Does joint account rule out tax exempt small gift for son-in-law?
Q&A: Dominic Coyle
I’m a widow and I’d like to gift my daughter €3,000 every year under the small gift exemption. I would also like to gift the same amount to her husband, my son-in-law, but they only have a joint bank account in both of their names.
Can I gift the €3,000 to my son-in-law if it is going into his joint account that he owns with my daughter, or does his account have to be in his name only for me to make this gift?
Ms K.D., email
The only concern the Revenue has is that the gifted money should be for the use of the person to whom it is gifted. The typical scenario is where a parent gifts money to a sibling or a child that is then transferred on to another brother or sister, or a parent. Effectively, the gift is only passing through the account of the person nominated and is not really for them.
In that case, the ultimate beneficiary is getting more than €3,000 tax free from you without it being taken into account for tax purposes.
But that should not concern you in the circumstances you outline. You are gifting each of your daughter and son-in-law €3,000 and it just happens that they have a joint bank account. There’s no problem with that – a lot of couples these days operate out of joint accounts.

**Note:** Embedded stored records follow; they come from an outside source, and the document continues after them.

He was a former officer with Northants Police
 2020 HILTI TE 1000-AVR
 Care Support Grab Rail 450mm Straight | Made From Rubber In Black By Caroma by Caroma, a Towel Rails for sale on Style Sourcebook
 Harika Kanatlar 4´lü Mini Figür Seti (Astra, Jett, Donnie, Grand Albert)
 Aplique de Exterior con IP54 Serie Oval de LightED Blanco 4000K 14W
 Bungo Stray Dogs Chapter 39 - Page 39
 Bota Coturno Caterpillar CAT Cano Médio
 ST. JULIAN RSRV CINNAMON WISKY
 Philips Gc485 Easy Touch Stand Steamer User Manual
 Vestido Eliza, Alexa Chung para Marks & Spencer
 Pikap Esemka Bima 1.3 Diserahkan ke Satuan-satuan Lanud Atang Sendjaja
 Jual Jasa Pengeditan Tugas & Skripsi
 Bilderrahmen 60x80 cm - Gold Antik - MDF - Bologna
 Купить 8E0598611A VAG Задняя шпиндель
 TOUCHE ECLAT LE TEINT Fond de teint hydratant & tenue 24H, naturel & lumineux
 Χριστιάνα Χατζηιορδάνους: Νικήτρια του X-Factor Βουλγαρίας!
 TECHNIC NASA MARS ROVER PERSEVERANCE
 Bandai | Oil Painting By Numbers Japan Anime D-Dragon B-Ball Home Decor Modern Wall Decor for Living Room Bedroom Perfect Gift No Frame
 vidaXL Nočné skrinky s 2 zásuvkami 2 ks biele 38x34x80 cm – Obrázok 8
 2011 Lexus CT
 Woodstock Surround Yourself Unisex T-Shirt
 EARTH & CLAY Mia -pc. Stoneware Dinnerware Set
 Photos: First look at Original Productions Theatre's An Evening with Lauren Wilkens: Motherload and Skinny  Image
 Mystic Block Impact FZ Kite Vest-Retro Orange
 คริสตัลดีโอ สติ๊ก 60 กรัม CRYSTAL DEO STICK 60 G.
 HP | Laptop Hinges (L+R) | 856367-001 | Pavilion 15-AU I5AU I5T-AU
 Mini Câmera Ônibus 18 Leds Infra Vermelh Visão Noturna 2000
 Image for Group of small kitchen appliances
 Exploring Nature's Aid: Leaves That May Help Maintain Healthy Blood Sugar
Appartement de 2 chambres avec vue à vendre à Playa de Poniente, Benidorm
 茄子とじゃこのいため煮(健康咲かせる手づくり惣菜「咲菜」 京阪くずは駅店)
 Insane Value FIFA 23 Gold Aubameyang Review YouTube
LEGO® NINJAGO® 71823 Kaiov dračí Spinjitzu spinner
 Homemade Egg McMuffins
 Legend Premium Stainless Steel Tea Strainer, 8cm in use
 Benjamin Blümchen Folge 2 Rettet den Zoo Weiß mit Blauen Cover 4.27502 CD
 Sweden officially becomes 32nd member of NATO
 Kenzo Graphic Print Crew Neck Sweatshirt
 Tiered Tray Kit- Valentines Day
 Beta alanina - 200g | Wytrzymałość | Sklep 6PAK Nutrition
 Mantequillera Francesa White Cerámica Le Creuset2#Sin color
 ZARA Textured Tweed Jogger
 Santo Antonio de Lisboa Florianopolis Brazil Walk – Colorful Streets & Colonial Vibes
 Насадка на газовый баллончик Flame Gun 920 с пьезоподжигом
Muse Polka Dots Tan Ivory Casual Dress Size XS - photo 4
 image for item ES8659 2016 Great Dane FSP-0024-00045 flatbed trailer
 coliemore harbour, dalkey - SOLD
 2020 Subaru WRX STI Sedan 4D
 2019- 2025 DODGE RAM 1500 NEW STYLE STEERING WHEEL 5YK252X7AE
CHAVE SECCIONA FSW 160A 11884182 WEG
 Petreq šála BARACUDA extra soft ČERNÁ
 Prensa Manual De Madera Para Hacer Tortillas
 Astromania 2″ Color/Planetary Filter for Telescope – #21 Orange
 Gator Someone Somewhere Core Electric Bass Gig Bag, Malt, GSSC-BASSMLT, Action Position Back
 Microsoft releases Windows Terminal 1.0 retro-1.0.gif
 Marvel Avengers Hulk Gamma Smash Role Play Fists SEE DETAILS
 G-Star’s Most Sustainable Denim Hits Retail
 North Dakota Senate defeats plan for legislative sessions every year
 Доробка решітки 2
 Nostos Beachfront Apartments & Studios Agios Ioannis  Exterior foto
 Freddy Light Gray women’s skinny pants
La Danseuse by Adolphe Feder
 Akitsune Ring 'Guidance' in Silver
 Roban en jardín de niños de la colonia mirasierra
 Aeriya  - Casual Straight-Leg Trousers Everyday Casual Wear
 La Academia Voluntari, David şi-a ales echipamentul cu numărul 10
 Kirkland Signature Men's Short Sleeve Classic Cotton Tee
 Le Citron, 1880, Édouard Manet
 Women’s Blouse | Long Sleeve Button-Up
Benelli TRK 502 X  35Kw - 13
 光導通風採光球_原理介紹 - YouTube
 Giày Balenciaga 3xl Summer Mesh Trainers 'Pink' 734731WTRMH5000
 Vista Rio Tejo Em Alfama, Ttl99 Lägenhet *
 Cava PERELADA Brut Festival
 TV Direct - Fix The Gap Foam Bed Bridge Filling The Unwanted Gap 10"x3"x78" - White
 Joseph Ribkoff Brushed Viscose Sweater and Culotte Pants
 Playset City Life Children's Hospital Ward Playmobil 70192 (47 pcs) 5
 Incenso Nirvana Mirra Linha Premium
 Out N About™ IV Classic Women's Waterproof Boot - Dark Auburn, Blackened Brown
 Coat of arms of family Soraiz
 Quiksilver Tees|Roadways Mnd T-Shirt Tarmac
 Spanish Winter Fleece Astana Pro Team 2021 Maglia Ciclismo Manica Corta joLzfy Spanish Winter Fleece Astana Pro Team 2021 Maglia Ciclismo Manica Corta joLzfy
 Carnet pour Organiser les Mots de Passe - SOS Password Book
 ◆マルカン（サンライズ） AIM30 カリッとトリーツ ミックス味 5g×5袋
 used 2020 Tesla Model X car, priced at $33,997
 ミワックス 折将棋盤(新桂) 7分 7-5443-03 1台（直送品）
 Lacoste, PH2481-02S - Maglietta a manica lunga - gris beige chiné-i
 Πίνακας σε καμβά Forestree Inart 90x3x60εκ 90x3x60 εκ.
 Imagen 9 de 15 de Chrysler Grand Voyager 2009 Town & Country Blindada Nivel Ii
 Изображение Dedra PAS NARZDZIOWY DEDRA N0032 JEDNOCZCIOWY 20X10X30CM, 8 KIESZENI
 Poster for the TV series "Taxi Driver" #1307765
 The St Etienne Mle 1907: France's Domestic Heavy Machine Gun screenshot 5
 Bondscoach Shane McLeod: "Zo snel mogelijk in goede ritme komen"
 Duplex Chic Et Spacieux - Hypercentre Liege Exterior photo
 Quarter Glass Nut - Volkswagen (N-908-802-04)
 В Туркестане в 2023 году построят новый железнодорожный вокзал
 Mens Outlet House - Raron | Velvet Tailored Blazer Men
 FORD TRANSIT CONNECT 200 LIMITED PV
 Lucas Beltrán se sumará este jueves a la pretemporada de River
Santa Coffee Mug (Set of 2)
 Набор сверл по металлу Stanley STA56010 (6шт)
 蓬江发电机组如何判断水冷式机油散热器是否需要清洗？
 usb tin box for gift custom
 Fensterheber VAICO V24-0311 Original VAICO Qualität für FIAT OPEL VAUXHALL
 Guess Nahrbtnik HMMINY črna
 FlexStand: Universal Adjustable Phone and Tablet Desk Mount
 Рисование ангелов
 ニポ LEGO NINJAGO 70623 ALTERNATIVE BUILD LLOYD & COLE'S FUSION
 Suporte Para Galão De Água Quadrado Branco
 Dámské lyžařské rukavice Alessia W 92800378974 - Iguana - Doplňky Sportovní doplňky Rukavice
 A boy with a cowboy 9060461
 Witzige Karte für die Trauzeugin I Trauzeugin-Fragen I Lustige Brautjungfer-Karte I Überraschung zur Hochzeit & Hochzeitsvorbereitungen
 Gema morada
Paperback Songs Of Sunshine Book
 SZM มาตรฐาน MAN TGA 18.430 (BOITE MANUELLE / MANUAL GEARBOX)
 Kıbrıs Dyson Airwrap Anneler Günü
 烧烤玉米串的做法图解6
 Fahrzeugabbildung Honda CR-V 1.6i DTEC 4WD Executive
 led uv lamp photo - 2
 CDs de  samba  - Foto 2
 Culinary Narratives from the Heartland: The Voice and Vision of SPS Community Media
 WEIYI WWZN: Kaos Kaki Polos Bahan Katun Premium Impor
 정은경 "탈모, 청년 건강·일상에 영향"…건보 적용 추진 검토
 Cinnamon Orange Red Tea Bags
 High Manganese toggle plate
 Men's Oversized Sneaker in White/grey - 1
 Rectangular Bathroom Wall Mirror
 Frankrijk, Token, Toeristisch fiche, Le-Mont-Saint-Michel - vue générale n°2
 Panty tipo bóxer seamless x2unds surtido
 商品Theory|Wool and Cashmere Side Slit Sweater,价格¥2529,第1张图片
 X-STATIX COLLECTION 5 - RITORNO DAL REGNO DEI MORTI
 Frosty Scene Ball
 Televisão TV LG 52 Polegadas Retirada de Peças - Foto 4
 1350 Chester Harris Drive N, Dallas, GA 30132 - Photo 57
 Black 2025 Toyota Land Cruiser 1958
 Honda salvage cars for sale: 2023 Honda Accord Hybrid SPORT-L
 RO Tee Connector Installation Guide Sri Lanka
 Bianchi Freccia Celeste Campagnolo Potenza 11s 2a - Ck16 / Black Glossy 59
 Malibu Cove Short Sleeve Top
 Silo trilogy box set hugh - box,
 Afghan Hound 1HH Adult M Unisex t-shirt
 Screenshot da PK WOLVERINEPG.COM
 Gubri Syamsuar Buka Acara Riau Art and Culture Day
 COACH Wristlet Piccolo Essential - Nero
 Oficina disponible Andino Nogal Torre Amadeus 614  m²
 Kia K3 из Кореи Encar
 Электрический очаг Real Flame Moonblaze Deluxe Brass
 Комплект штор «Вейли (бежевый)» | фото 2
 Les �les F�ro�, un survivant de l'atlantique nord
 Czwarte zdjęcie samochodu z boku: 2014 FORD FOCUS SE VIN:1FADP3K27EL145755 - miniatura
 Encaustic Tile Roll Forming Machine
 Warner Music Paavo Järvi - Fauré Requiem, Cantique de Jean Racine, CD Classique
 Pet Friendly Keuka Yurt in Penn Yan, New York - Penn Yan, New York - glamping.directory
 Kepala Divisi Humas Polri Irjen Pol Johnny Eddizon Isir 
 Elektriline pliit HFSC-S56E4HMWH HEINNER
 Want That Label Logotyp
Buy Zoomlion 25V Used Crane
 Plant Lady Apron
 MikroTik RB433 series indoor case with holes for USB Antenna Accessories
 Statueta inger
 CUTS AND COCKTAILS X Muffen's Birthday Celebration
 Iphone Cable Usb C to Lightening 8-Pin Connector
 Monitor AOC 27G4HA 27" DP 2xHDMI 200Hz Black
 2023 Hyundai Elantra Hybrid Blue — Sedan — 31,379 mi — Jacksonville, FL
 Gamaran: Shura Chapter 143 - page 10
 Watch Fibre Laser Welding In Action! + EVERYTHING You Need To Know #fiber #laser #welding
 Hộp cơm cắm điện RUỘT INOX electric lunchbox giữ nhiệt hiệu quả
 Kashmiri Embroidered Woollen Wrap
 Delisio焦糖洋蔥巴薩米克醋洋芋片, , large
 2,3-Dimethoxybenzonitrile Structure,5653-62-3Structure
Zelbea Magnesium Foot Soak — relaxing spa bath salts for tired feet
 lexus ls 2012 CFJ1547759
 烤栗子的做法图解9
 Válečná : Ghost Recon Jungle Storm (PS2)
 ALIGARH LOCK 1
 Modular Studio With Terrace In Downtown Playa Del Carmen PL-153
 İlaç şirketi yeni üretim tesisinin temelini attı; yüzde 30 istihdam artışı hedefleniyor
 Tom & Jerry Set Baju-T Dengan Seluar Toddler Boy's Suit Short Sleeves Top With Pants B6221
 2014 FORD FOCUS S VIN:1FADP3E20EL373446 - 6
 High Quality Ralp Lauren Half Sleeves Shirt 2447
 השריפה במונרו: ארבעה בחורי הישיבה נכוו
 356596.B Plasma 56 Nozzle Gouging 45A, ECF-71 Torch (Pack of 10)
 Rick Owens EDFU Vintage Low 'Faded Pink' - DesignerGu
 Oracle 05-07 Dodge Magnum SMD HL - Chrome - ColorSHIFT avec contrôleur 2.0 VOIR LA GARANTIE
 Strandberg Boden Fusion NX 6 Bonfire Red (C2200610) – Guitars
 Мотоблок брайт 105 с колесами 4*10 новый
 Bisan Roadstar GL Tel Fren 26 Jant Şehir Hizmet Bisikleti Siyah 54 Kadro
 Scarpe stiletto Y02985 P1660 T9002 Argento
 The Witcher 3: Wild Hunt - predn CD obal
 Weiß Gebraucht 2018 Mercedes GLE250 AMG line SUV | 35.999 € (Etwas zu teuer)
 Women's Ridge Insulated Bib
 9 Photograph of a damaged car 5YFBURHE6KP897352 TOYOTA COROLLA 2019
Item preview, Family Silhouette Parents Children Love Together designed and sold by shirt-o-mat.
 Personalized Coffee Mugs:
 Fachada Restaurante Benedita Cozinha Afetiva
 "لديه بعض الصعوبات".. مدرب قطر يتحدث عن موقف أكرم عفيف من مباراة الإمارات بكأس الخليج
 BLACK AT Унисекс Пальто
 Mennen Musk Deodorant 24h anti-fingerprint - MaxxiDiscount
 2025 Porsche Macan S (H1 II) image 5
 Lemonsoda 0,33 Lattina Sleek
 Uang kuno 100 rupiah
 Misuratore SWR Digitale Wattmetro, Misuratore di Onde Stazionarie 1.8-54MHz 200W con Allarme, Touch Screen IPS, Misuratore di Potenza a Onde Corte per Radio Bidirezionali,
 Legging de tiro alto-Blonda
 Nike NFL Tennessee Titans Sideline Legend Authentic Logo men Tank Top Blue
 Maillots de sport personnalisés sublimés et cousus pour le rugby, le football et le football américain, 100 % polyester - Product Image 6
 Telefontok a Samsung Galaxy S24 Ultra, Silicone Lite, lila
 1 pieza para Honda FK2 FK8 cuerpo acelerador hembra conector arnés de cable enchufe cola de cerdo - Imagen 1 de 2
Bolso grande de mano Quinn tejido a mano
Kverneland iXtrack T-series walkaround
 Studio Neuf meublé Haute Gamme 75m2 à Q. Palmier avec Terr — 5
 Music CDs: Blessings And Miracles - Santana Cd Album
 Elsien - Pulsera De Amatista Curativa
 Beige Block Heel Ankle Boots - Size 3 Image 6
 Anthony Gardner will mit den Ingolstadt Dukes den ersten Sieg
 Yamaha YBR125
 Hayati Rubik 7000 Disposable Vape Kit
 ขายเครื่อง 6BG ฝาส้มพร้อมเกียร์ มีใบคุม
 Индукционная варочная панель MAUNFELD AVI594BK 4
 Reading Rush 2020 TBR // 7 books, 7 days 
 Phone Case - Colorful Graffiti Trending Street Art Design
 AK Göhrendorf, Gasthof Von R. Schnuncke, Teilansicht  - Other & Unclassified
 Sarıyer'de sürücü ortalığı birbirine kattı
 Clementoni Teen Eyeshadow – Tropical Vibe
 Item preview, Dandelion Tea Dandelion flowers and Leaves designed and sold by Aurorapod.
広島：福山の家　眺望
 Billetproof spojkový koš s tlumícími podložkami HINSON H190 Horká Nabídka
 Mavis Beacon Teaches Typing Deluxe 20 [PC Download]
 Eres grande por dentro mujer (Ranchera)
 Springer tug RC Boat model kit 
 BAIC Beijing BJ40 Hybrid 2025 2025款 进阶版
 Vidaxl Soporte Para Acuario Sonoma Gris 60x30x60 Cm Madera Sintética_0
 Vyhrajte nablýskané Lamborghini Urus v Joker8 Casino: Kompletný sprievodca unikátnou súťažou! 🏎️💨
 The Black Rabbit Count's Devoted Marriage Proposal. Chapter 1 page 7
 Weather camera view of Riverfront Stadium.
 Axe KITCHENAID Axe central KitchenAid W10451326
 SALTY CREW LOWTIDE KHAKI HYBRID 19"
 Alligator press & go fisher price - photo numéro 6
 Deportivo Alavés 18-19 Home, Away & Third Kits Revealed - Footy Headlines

In fact, many mortgage lenders insist on joint accounts for the purposes of paying off home loans and couples often do not want the hassle of operating multiple current accounts.
And, of course, many couples will make joint buying decisions on big issues – home decor or furniture, holidays and the like – and there’s nothing wrong with that either. It certainly would not invalidate the tax exemption on the sums you are talking about.
The thing to remember is that Revenue’s focus is on abuse; they’re not looking simply to catch people out for acting in good faith.
Now, if your daughter had a debt in her own name and both her own gift and the money given to your son-in-law went to pay it down, that might arouse the interest of Revenue but, in general, there’s nothing to stop you making these gifts to both.
Finally, for clarity, even if Revenue did have evidence that both sums were for your daughter’s use, any tax that did fall due would be an issue for her, not you.
Please send your queries to Dominic Coyle, Q&A, The Irish Times, 24-28 Tara Street, Dublin 2, or email firstname.lastname@example.org. This column is a reader service and is not intended to replace professional advice.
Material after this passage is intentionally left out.